Présentation des congressistes du CICJ au pape François

Le congrès de 2015 du Conseil International des Chrétiens et des Juifs a eu lieu à Rome du 28 juin au 1er juillet 2015. Le 30 juin, les participants ont été reçus au Vatican par le pape François. Durant l’audience, le Dr Philip Cunningham, président du CICJ, a présenté le groupe au pape qui s’est ensuite adressé aux congressistes. Voici la présentation du Dr Cunningham[1] .

Introduction

Votre Sainteté, pape François, c’est un grand honneur pour moi de vous présenter les 250 participants au congrès de 2015 du Conseil International des Chrétiens et des Juifs. Provenant de douzaines de pays différents, nous nous sommes rassemblés à Rome pour partager sur « Le 50e anniversaire de Nostra Aetate – Le passé, le présent et l’avenir de la relation entre chrétiens et juifs ». À titre de président du CICJ, en notre nom à tous, je vous remercie sincèrement de nous accueillir au Vatican dans le contexte de la célébration de ce que vous avez appelé de façon touchante « notre chemin d’amitié »[2]  au cours des cinq dernières décennies.
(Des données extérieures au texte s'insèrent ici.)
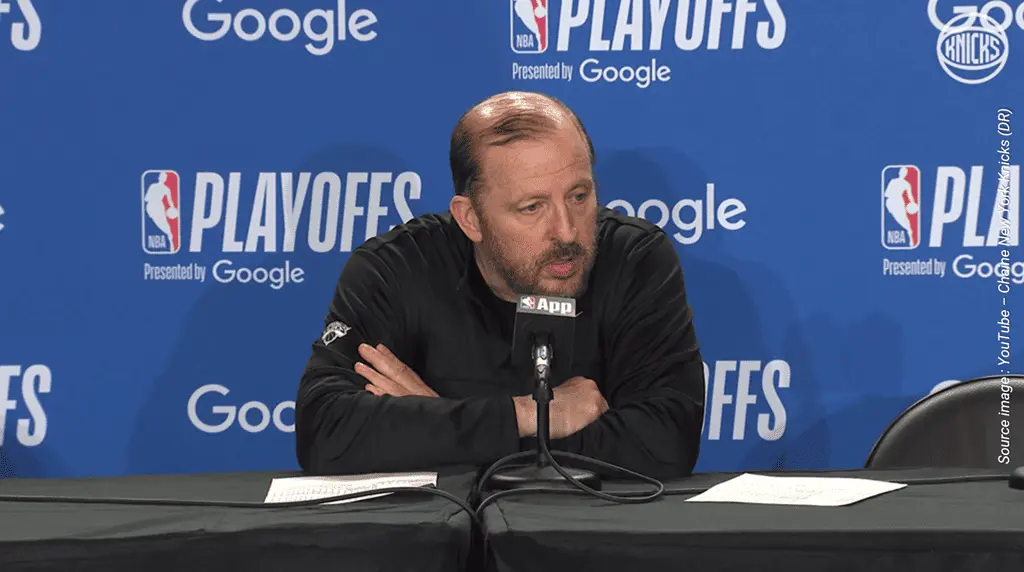 Tom Thibodeau - YouTube - Chaine New York Knicks DR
Pape François, le CICJ a été institué immédiatement après la Seconde Guerre mondiale, suite à une rencontre historique tenue en Suisse et appelée « Une conférence d’urgence sur l’antisémitisme ». Ses fameux « Dix points de Seelisberg » ont non seulement servi de précurseurs à Nostra Aetate, mais ils ont aussi donné naissance au CICJ. Aujourd’hui, le CICJ est une association de quarante organisations nationales provenant de plus de trente pays sur les cinq continents, vouée à la promotion du respect et de l’enrichissement mutuel des chrétiens et des juifs selon plusieurs modalités. Une organisation nationale membre du CICJ fédère 80 groupes de dialogue issus de la base. Une douzaine de centres universitaires de recherche et d’éducation collaborent dans une autre. Certaines appuient des interactions officielles entre des rabbins juifs et des membres des clergés chrétiens. Notre diversité est illustrée par les membres de notre Comité exécutif qui inclut des juifs et des chrétiens d’Australie, du Chili, de la République tchèque, de France, d’Allemagne, d’Israël et des États-Unis d’Amérique. Nous parrainons aussi le Conseil du Jeune Leadership, pour inculquer aux générations futures l’importance du dialogue, et le Forum Abrahamique International pour promouvoir des relations trilatérales entre juifs, chrétiens et musulmans.

Notre congrès a pour thème le passé, le présent et l’avenir de notre « chemin d’amitié ». Nous avons le sentiment que le voyage vient à peine de commencer. Un héritage d’environ dix-huit siècles d’éloignement et d’animosité ne peut être effacé en à peine 50 ans. Nous avons à nous débarrasser de vieilles habitudes de suspicion et de caricature. Nous avons à élaborer ensemble de nouvelles théologies de notre relation spirituelle. Nous avons partagé avec vous une déclaration intitulée « Célébrer et approfondir la nouvelle relation entre chrétiens et juifs » [link will be active after publication! CM] que nous avons préparée comme élément de ce congrès.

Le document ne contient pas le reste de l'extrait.